En même temps, comme Marx, il a particulièrement mis l’accent sur le rôle du crédit dans la montée de la mayonnaise spéculative. Le système du crédit permet, selon Marx, « de développer le moteur de la production capitaliste, c’est-à-dire l’enrichissement par l’exploitation du travail d’autrui pour en faire le système le plus pur et le plus monstrueux de spéculation et de jeu ».

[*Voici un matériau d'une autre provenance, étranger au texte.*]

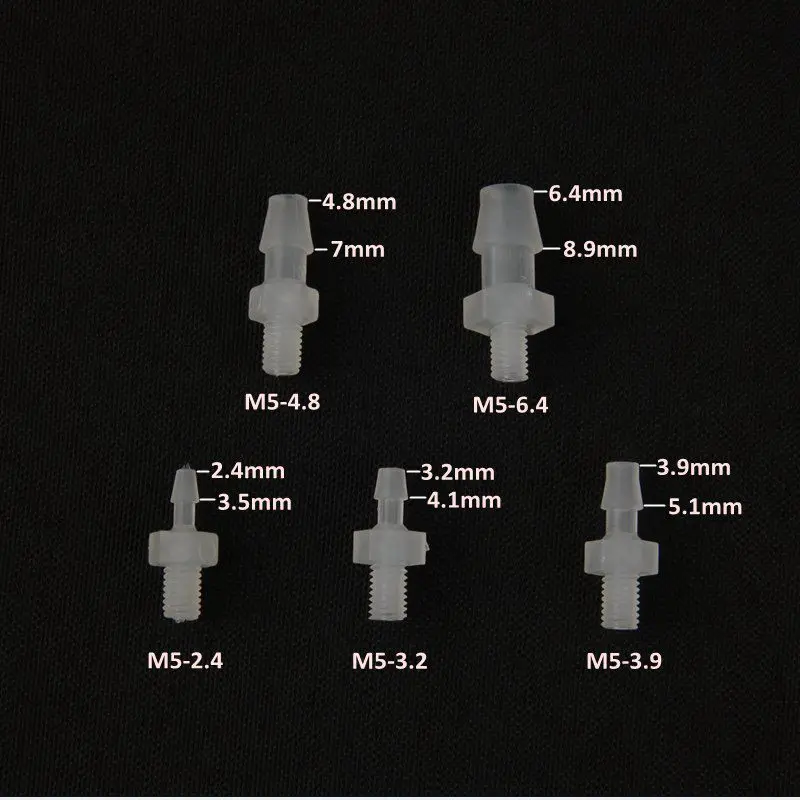 5 шт. NuoNuoWell пищевой M5 M6 наружная резьба до 2 мм~ 8 мм прямой разъем для шланга аквариума воздушный насос трубы аквариум адаптер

Prolongeant cette réflexion, Paul Boccara a montré que le crédit, mis en œuvre avec d’autres critères que ceux de la rentabilité financière des capitaux, peut, au contraire, aider à dégonfler l’énorme accumulation de capitaux, financiers notamment, à réduire le coût du capital, le poids de ses prélèvements sur la richesse créée, permettre de dégager des financements à bas coûts pour la création d’emplois efficaces, de richesses nouvelles, le développement humain et la restauration d’équilibres naturels. Le succès de ce combat contre la finance inauguré par Marx appelle une transformation révolutionnaire des relations humaines, des pouvoirs nouveaux des salariés, des populations à l’entreprise et sur les institutions, au niveau local, régional, national, européen et mondial. Marx revit dans ces combats.
Pierre Ivorra est chroniqueur économique au journal L’Humanité.